Provider: Databricks Path in repo: skills/databricks-pipelines/SKILL.md

Skill body

Lakeflow Spark Declarative Pipelines Development

FIRST: Use the parent databricks-core skill for CLI basics, authentication, profile selection, and data discovery commands.

Decision Tree

Use this tree to determine which dataset type and features to use. Multiple features can apply to the same dataset — e.g., a Streaming Table can use Auto Loader for ingestion, Append Flows for fan-in, and Expectations for data quality. Choose the dataset type first, then layer on applicable features.

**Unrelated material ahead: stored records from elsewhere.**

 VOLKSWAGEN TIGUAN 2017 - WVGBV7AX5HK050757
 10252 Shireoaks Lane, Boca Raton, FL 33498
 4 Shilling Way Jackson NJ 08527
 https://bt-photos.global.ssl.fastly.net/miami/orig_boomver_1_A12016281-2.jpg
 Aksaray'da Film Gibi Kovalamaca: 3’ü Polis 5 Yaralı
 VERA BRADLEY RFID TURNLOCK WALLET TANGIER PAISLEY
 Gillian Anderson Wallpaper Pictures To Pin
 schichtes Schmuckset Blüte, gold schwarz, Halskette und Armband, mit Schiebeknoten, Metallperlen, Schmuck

User request → What kind of output?
├── Intermediate/reusable logic (not persisted) → Temporary View
│   ├── Preprocessing/filtering before Auto CDC → Temporary View feeding CDC flow
│   ├── Shared intermediate streaming logic reused by multiple downstream tables
│   ├── Pipeline-private helper logic (not published to catalog)
│   └── Published to UC for external queries → Persistent View (SQL only)
├── Persisted dataset
│   ├── Source is streaming/incremental/continuously growing → Streaming Table
│   │   ├── File ingestion (cloud storage, Volumes) → Auto Loader
│   │   ├── Message bus (Kafka, Kinesis, Pub/Sub, Pulsar, Event Hubs) → streaming source read
│   │   ├── Existing streaming/Delta table → streaming read from table
│   │   ├── CDC / upserts / track changes / keep latest per key / SCD Type 1 or 2 → Auto CDC
│   │   ├── Multiple sources into one table → Append Flows (NOT union)
│   │   ├── Historical backfill + live stream → one-time Append Flow + regular flow
│   │   └── Windowed aggregation with watermark → stateful streaming
│   └── Source is batch/historical/full scan → Materialized View
│       ├── Aggregation/join across full dataset (GROUP BY, SUM, COUNT, etc.)
│       ├── Gold layer aggregation from streaming table → MV with batch read (spark.read / no STREAM)
│       ├── JDBC/Federation/external batch sources
│       └── Small static file load (reference data, no streaming read)
├── Output to external system (Python only) → Sink
│   ├── Existing external table not managed by this pipeline → Sink with format="delta"
│   │   (prefer fully-qualified dataset names if the pipeline should own the table — see Publishing Modes)
│   ├── Kafka / Event Hubs → Sink with format="kafka" + @dp.append_flow(target="sink_name")
│   ├── Custom destination not natively supported → Sink with custom format
│   ├── Custom merge/upsert logic per batch → ForEachBatch Sink (Public Preview)
│   └── Multiple destinations per batch → ForEachBatch Sink (Public Preview)
└── Data quality constraints → Expectations (on any dataset type)

Common Traps

Publishing Modes

Pipelines use a default catalog and schema configured in the pipeline settings. All datasets are published there unless overridden.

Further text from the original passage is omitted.